═══ LISTED ENTRIES
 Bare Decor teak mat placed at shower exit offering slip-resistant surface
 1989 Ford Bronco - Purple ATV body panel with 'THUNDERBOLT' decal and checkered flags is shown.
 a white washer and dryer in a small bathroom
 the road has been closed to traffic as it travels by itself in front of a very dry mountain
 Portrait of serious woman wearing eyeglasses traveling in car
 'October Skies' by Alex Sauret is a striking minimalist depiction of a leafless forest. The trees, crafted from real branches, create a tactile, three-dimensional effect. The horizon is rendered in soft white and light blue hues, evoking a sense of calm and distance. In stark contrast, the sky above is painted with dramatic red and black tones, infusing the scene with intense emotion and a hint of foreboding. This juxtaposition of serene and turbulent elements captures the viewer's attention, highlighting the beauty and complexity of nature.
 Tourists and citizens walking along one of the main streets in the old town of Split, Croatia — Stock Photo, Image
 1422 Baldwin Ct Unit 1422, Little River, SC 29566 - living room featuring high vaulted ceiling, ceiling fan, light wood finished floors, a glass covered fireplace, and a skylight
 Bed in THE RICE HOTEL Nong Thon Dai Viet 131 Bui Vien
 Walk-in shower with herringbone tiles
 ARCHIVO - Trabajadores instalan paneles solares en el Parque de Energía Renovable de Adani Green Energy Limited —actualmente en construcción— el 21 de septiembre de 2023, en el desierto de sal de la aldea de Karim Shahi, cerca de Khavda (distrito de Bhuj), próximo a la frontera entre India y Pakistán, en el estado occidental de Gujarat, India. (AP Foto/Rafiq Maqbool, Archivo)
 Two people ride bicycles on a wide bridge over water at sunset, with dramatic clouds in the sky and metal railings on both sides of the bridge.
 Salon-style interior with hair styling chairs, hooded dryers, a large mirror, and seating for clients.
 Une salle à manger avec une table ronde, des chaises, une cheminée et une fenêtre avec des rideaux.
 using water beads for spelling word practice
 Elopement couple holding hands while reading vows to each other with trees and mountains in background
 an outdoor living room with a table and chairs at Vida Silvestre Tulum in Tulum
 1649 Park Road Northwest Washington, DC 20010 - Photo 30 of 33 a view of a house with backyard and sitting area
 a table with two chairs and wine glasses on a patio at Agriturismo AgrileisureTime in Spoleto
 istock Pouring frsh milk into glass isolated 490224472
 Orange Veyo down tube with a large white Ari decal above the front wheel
══════
• _EXERCISE AIM_
In the listing above, locate the line with "a white washer and dryer in a small bathroom" and the line with "Walk-in shower with herringbone tiles", then extract exactly those lines and every line between them, and nothing more.

• _FINISHED TASK_
 a white washer and dryer in a small bathroom
 the road has been closed to traffic as it travels by itself in front of a very dry mountain
 Portrait of serious woman wearing eyeglasses traveling in car
 'October Skies' by Alex Sauret is a striking minimalist depiction of a leafless forest. The trees, crafted from real branches, create a tactile, three-dimensional effect. The horizon is rendered in soft white and light blue hues, evoking a sense of calm and distance. In stark contrast, the sky above is painted with dramatic red and black tones, infusing the scene with intense emotion and a hint of foreboding. This juxtaposition of serene and turbulent elements captures the viewer's attention, highlighting the beauty and complexity of nature.
 Tourists and citizens walking along one of the main streets in the old town of Split, Croatia — Stock Photo, Image
 1422 Baldwin Ct Unit 1422, Little River, SC 29566 - living room featuring high vaulted ceiling, ceiling fan, light wood finished floors, a glass covered fireplace, and a skylight
 Bed in THE RICE HOTEL Nong Thon Dai Viet 131 Bui Vien
 Walk-in shower with herringbone tiles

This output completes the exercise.